Look through the records below for the line holding "3107 Peachtree Road NE 1005 Atlanta GA 30305". Write it out exactly, with each following line through the line holding "new 2025 Mazda Mazda3 car, priced at $27,494".

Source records

++++

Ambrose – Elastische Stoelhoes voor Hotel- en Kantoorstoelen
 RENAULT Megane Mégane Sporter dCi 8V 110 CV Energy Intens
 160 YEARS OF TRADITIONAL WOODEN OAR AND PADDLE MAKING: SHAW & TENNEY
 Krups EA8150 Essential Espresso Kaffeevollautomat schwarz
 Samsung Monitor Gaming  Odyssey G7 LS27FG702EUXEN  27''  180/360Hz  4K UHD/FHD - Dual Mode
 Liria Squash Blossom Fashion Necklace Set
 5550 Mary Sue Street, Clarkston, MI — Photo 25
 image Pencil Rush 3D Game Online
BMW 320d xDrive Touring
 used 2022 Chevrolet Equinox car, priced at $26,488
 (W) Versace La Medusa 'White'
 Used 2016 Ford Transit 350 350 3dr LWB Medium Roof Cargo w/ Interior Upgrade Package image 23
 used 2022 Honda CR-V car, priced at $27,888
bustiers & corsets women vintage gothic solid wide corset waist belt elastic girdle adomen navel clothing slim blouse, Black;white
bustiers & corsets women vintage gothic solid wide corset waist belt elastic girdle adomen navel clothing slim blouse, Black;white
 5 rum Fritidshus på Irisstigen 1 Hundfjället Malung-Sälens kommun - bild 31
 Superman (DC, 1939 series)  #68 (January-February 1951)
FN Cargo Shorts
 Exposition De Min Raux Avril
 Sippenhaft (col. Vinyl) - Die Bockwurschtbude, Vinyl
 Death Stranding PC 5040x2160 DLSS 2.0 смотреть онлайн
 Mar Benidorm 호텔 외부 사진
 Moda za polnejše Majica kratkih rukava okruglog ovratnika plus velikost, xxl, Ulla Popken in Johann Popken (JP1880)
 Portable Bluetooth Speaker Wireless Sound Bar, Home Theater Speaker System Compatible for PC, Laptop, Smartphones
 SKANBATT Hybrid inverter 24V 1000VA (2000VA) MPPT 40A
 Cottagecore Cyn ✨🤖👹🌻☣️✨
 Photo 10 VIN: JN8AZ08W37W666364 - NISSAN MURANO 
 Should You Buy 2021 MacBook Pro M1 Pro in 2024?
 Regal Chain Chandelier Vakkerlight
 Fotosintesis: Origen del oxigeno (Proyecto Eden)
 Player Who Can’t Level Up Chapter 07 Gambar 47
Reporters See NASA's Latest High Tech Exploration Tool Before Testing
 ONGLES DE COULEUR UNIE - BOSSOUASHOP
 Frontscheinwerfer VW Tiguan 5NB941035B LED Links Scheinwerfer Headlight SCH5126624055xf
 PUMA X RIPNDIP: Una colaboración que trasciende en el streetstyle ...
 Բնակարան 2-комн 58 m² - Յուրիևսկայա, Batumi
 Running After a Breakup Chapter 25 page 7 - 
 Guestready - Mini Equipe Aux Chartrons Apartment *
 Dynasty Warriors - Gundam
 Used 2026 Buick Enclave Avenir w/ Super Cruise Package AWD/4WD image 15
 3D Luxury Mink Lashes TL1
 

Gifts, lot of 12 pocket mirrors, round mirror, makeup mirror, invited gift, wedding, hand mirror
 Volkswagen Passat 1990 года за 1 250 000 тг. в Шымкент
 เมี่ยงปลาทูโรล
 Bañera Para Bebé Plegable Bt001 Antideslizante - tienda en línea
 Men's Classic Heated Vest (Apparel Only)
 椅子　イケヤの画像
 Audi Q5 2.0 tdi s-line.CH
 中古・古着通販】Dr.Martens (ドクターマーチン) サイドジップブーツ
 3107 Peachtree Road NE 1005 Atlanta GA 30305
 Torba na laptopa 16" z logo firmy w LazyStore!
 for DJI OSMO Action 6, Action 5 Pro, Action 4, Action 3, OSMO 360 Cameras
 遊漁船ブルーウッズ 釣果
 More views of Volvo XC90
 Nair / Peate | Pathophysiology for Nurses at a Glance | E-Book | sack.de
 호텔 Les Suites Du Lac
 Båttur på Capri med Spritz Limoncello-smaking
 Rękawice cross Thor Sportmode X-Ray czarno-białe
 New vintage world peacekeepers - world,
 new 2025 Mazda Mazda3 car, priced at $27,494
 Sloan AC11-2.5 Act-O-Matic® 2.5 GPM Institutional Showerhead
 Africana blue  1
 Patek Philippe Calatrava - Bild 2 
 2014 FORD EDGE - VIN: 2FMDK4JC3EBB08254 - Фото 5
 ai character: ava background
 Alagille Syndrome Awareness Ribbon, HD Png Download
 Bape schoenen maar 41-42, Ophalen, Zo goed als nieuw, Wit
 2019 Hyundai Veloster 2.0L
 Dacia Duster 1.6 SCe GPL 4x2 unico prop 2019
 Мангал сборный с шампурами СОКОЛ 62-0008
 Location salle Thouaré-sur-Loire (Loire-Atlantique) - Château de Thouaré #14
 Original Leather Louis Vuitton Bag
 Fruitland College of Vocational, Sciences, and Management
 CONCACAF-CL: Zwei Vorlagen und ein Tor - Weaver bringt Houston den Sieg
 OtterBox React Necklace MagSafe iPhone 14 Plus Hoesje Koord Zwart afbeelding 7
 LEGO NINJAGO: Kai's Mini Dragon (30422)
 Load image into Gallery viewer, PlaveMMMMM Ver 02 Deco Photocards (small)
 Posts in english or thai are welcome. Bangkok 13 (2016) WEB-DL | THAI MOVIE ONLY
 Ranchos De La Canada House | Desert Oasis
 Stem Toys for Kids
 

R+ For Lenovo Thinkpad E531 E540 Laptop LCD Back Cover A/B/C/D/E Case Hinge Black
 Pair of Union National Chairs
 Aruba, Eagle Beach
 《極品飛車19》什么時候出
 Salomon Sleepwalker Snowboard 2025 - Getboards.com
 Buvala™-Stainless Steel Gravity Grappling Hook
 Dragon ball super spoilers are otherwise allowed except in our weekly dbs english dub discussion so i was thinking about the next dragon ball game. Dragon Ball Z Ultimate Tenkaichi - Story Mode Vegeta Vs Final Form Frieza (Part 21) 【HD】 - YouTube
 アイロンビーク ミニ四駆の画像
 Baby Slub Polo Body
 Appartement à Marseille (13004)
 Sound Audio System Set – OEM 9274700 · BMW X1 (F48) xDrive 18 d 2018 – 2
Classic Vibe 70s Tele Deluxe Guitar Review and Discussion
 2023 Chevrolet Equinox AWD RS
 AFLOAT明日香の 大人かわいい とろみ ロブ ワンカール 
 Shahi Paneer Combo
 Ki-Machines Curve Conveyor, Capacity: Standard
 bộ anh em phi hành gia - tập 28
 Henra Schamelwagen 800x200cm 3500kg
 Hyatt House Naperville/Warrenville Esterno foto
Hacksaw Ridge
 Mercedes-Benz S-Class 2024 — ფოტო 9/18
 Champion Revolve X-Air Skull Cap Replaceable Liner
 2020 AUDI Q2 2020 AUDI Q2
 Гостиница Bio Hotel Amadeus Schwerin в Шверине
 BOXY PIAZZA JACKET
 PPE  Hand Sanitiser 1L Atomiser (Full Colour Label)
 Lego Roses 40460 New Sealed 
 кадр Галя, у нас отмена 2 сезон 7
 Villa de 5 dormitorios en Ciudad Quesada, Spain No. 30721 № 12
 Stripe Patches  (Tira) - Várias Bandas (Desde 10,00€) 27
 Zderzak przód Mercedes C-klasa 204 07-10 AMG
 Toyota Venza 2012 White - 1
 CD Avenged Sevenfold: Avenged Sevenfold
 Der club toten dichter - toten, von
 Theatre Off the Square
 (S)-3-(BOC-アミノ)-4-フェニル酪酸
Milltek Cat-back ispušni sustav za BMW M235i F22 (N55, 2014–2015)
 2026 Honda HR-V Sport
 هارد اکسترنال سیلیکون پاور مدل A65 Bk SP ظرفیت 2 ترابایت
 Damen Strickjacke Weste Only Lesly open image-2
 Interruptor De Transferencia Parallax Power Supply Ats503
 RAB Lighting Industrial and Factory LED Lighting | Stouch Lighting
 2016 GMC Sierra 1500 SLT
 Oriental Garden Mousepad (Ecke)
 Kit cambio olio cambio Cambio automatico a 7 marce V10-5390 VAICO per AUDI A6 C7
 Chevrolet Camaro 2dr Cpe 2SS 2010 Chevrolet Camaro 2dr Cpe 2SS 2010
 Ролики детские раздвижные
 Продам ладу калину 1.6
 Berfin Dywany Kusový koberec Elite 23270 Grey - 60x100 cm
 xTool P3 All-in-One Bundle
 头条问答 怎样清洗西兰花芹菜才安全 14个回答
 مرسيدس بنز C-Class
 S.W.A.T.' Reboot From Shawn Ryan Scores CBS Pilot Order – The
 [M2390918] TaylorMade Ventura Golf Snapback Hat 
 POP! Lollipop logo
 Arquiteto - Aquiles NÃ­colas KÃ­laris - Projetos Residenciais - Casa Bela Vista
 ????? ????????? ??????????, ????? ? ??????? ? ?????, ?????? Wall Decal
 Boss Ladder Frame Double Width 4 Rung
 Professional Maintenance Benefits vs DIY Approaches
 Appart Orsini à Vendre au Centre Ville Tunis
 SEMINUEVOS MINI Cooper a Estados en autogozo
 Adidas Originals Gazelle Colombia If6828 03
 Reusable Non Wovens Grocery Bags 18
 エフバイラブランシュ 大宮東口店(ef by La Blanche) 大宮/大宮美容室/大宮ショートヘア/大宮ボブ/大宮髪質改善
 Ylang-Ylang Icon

++++

* [Task response]:
 3107 Peachtree Road NE 1005 Atlanta GA 30305
 Torba na laptopa 16" z logo firmy w LazyStore!
 for DJI OSMO Action 6, Action 5 Pro, Action 4, Action 3, OSMO 360 Cameras
 遊漁船ブルーウッズ 釣果
 More views of Volvo XC90
 Nair / Peate | Pathophysiology for Nurses at a Glance | E-Book | sack.de
 호텔 Les Suites Du Lac
 Båttur på Capri med Spritz Limoncello-smaking
 Rękawice cross Thor Sportmode X-Ray czarno-białe
 New vintage world peacekeepers - world,
 new 2025 Mazda Mazda3 car, priced at $27,494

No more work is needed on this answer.